The report released yesterday, further exposes absence of sexual harassment workplace policy documents in most institutions.
“The perceived knowledge gap hinders effective realisation of human rights and access to justice to victims of sexual harassment, and sexual gender-based violence in general,” reads the report in part.
The report further established that despite most institutions having existing sexual harassment reporting mechanisms and psycho-social support services to victims of sexual harassment, many people are not aware of the laws that protect them from abuse and violation of their rights.
The Commission has since recommended that Public and Private sector institutions should develop response mechanisms such as sexual harassment policies which include proper structures for reporting and handling sexual harassment-related issues.
“The commission should mobilise resources and embark on sexual harassment and its relevant laws orientation programs in the public, informal and private sectors,” it recommends.
Commenting on the report, Malawi Human Rights Resource Centre (MHRRC) director Emma Kaliya blamed the silence culture, urging women to stand up and fight the vice by not shielding perpetrators.
Said Kaliya: “Women should use their self-consciousness and realise that they did not get into that office to sleep with men. It’s sad that mostly those in low positions are afraid to report such cases for fear of losing their jobs while some sections do not report especially when they are benefiting in form of special favours such as job promotions.”
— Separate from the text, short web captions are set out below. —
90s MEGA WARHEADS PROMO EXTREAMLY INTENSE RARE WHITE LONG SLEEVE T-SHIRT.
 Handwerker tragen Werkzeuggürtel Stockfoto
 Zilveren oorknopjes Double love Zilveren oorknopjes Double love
The Gender Equality Act defines sexual harassment as any form of unwanted verbal, non-verbal or physical conduct of a sexual nature.
Although the country has enacted laws against gender-based violence, including sexual harassment, a huge gap remains in the implementation and popularisation of these laws leading to many unreported cases.
Last year, the High Court in Blantyre made a landmark ruling which made employers liable to compensate workers for sexual abuse or harassment while on duty.
Further, the court stated that female employees do not have to necessarily suffer physical injury to sue for sexual harassment because emotional, mental and psychological injury is more serious and would be compensated if the act occurs.
In the ruling, Judge Mike Tembo ordered Mota Engil Construction Company to pay K100 million for damages in a sexual abuse case involving one of the senior officers at the company.
On March 29 2021, MHRC made a recommendation for a Workplace Sexual Harassment Policy for Malawi Broadcasting Corporation in its report on sexual allegations at the institution, which found former director general Aubrey Sumbuleta guilty of numerous alleged sexual harassment offences.
The corporation was ordered to compensate Sumbuleta’s victims.